こぐれ日録 KOGURE Diary 2006.7


こぐれ日録495 7/24〜7/30


7/24(月)


午前中京都府の会議。府庁の人たち向けの弁当を買って、
府庁からタクシーで大学。2960円。その間に食事。
タクシーの人は年配なのに京都橘大学にはじめて行くと言う。
日曜日、小沢征爾を外国の人と一緒に京都コンサートホールまで乗せたらしくて、
あとは、芸能人を乗せた自慢話が続く。はー。

専門演習は、全員が来た3回生、停電で昨日の怪談をしてあげた4回生と
忙しい。ずいぶんアドバイスをしたが、全員には出来ない。あとは、個別に研究室に来てもらおう。
5時限目は大学院授業で、6時限目は修論について。博物館ボランティアは自発的学習者であるというものと、鑑賞者開発について。

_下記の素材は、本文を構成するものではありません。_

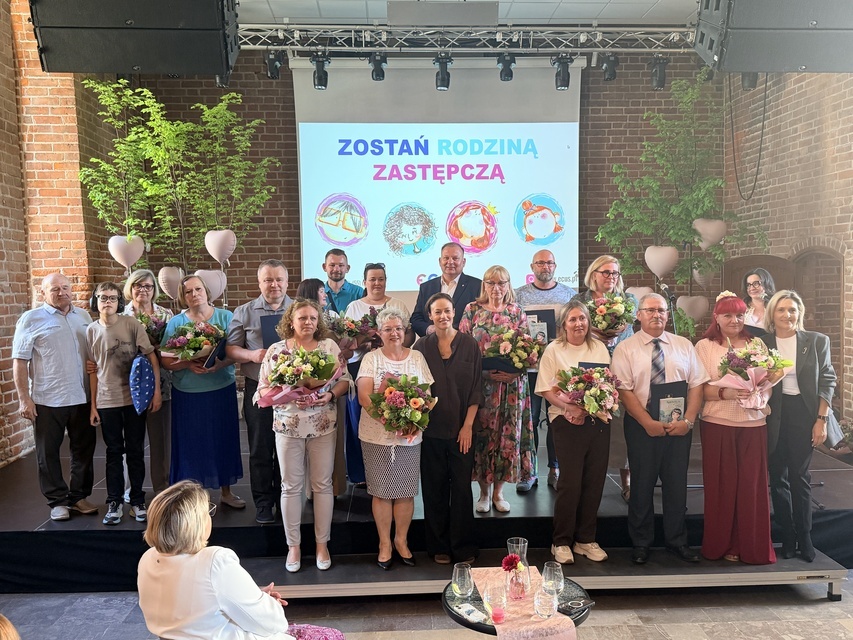 Elbląg, Magdalena Różczka i zwyczajne-niezwykłe rodziny w Elblągu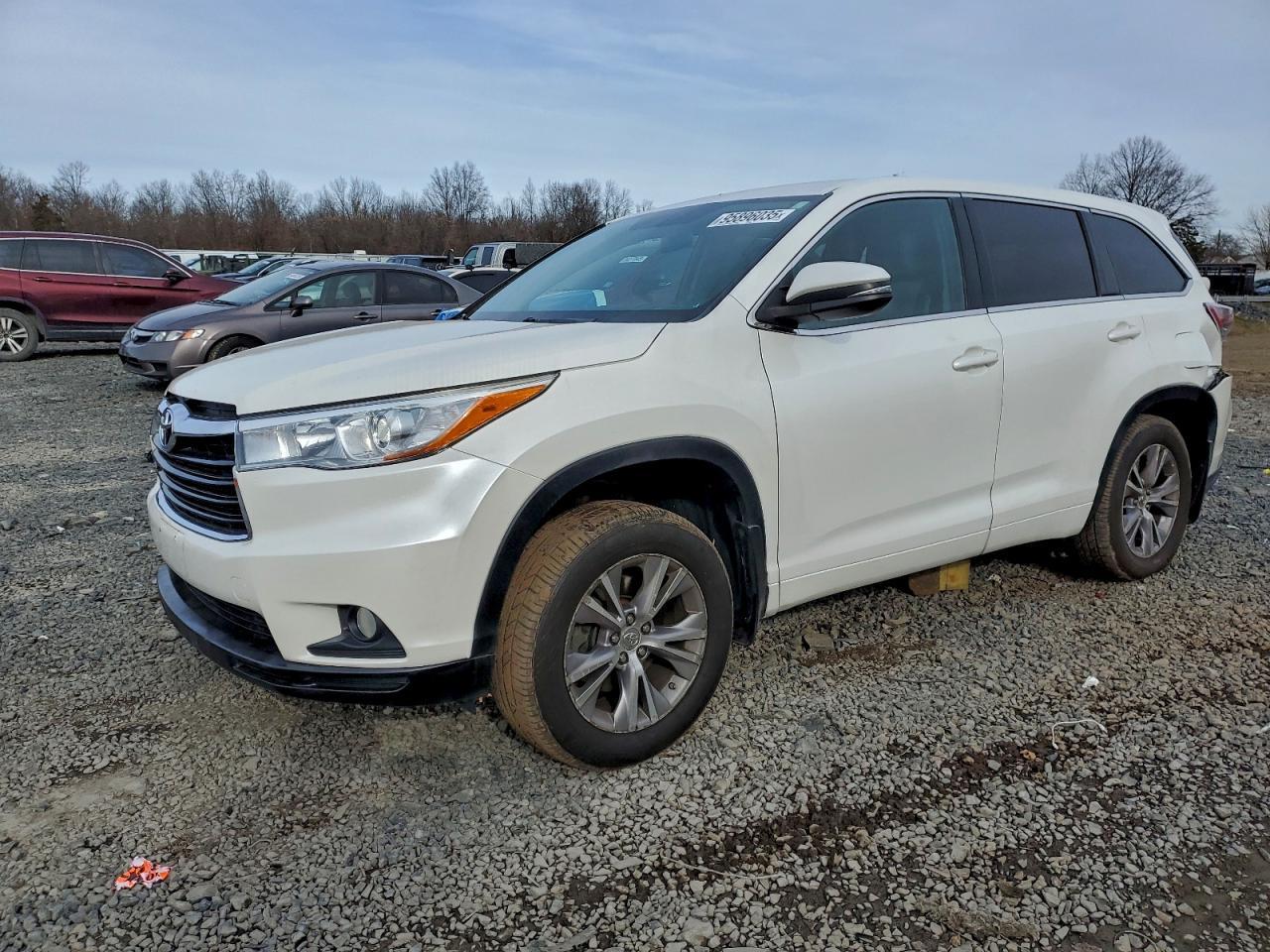 2015 TOYOTA HIGHLANDER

後者については、鑑賞者開発についての先行研究をまずまとめることをしてから、それが視覚芸術ではなく、実演芸術、とりわけ、小劇場演劇やコンテンポラリーダンスにおいては、どれだけ有効で、どれが未開発なのかを明らかにしていく。そのときに、実演芸術が持つ固有な条件から、各主体エレメント(創造団体側、鑑賞者側、つなぐ媒体+批評・ジャーナル側、行政・アーツNPOなど文化政策側など)へと視点を移し、また、最後に、各主体をつなぐような展開にしようとしているのだろうと聞きながら思った。

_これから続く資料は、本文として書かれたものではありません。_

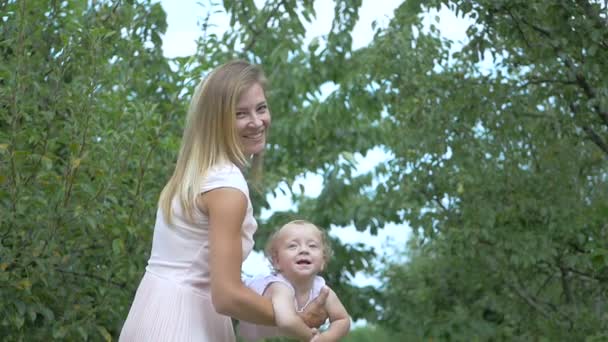 Mam Rolt Handen Lucht Haar Dochter Een Vrouw Die Met — Stockvideo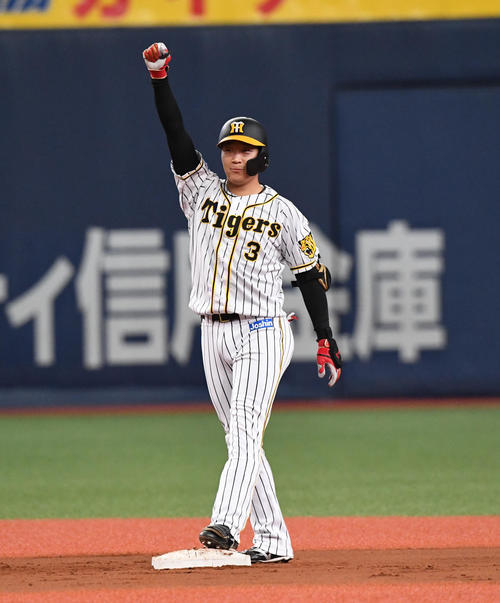 8回裏阪神無死一、二塁、大山は中越え適時二塁打を放ちガッツポーズ（撮影・奥田泰也）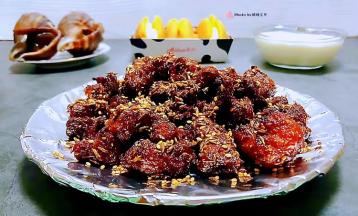 羊肉粒在最后炒至的时间不宜过长会影响口感这道美味也是宴客的拿手美味佳肴噢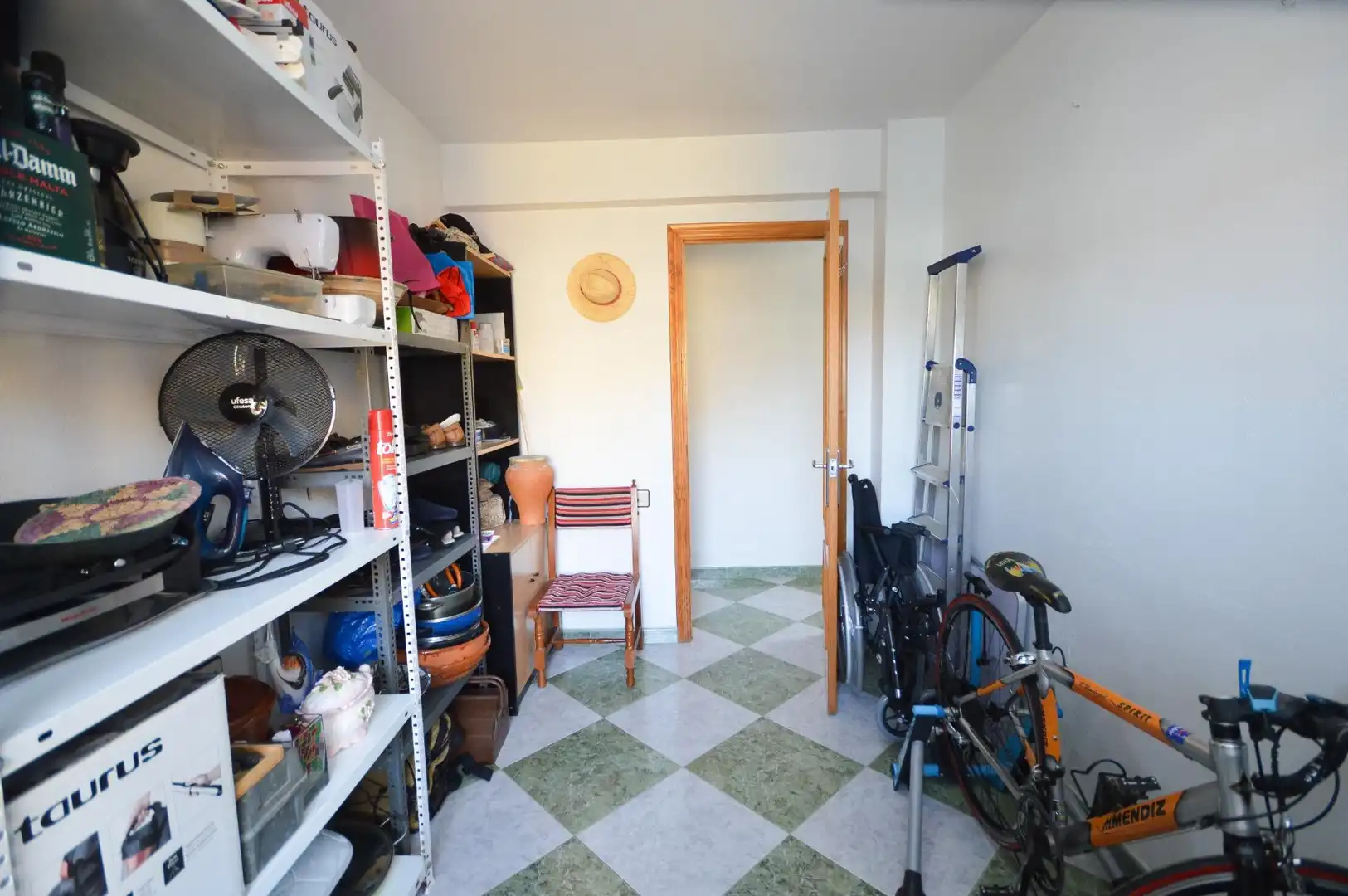 Wohnung zum Verkauf in Benahadux mit Klimaanlage, Heizung und Terrasse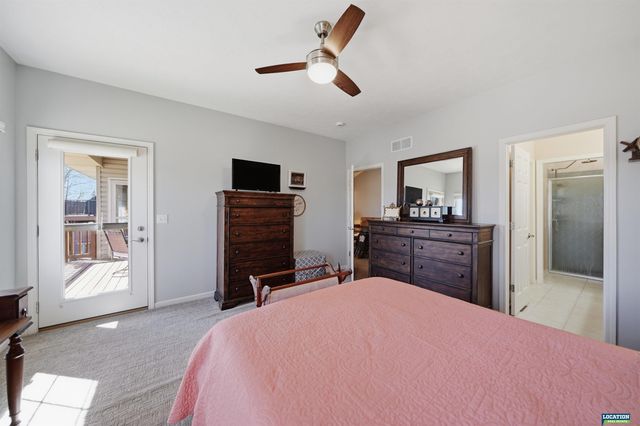 7548 Kentwell Lane, Lincoln, NE 68516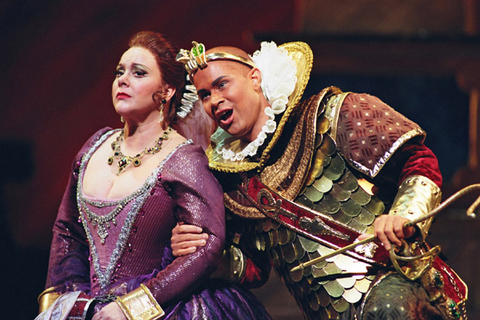 Ruth Ann Swenson (Cleopatra), Bejun Mehta (Tolomeo), Giulio Cesare, George Frideric Handel. San Francisco Opera, 2001-02. Photographer: Larry Merkle/San Francisco Opera.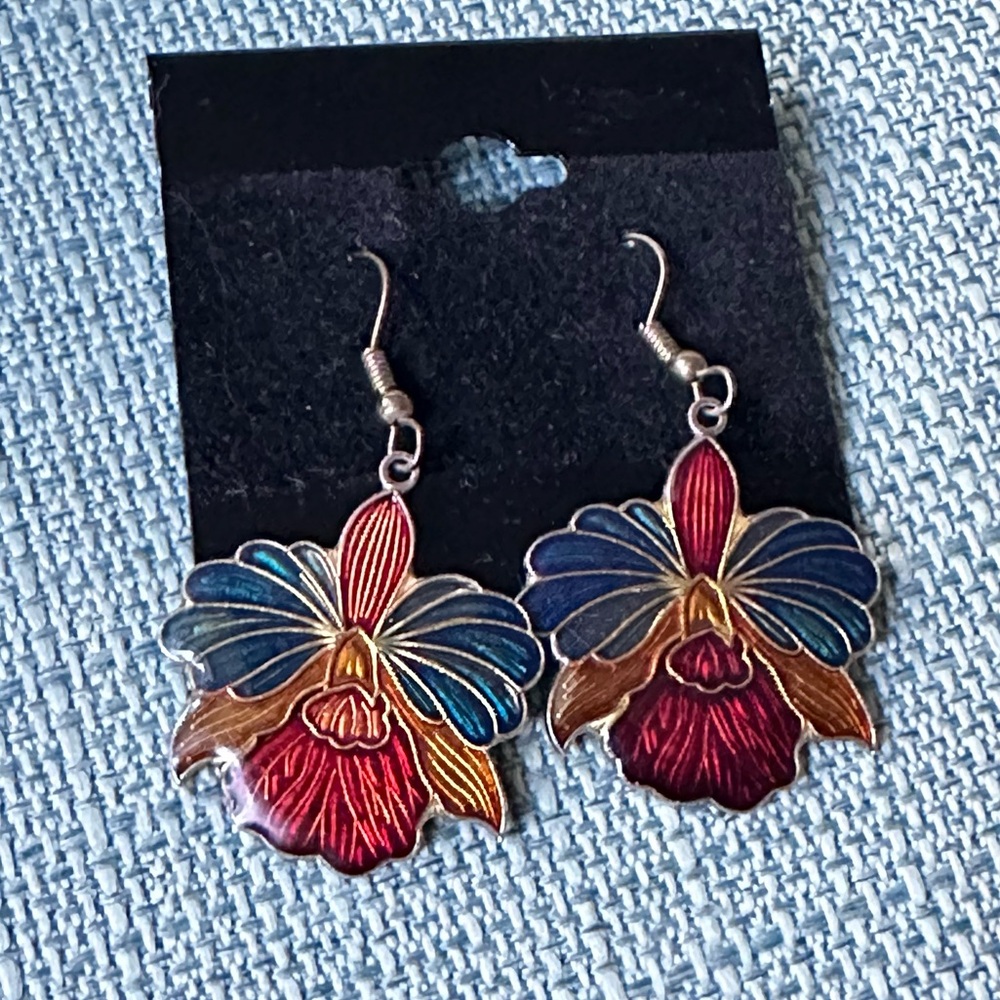 Lovely vintage orchid cloisonné enamel earrings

タクシーのなかで、一度、ふと離人症ぎみになって、そのあと、どーっと空しさが押し寄せる。
21時ごろ椥辻、無性にビールが飲みたくなり、そのあと、少しまた虚脱感を覚える。

学期末、珍しく精神の方が弱っている。
明日は、すこしのんびりしよう。


7/25(火)


朝、まだいらいらしている。
昼、やっぱり不機嫌。ある学生にはじめきつく当たってしまった。
わたしだけではなく、同僚の先生もレポートのことでがっかりしたと話しにくる。
そうこうしているうちに、すこし落ち着く。
採点の集計が長引く。

大阪市弁天町の『世界館』に行こうと思っていたが、気がつくと18時近くになっていた。
ということで、玉造小劇店、ラックシステム其の十巻『お願い』は見られず。残念。


7/26(水)


○ うしがえるわが子御玉を祝して謡うの    月豚

隣の小学校一年生の女の子は、お母さんと八幡駅まで行くのだが、とても時間がかかるのだという。どうしてかというと、大谷川の様子が面白すぎるので、大変興奮するからである。
今日は、私もその女の子にならって、ウシガエルの鳴き声姿を見たり、うじょうじょいるその子どもたち(御玉杓子)の泳ぎを見ていた。ざんねんながら、亀の子が親亀に上って、亀の子のうえにまた小亀、孫亀が乗っている姿は見つからなかった。亀は岩清水八幡宮の放生会によって放たれたものかも知れない、大きな鯉もまた。

でも、この川の主は、特に今年は、大きな牛蛙か蟇蛙か、なんというのか知らないが、のっそりとしたカエル君たちである。
もう、今年の夏は最高だったはずで、昨日も、カエルの口が開くたびに桃色の色が川を彩っているのが見えた。でも、その声は美しいとは言いがたい。はじめは、機械音のようでただ気色悪かっただけだった。カエルの姿が見えたから、ちょっと、その音に心が寄るようになったのだ。さらにオタマジャクシが、うじょうじょいる朝があるから、夜の大合唱もさもありなん夏のウシガエルなりなのである。

あんまり関係はないが、テレビという媒体は「音」を素材にするのはとても不得手だったのだが、それをあえてNHK教育の「あいのて」ではやっているというような趣旨のお話を読んだ。なるほど。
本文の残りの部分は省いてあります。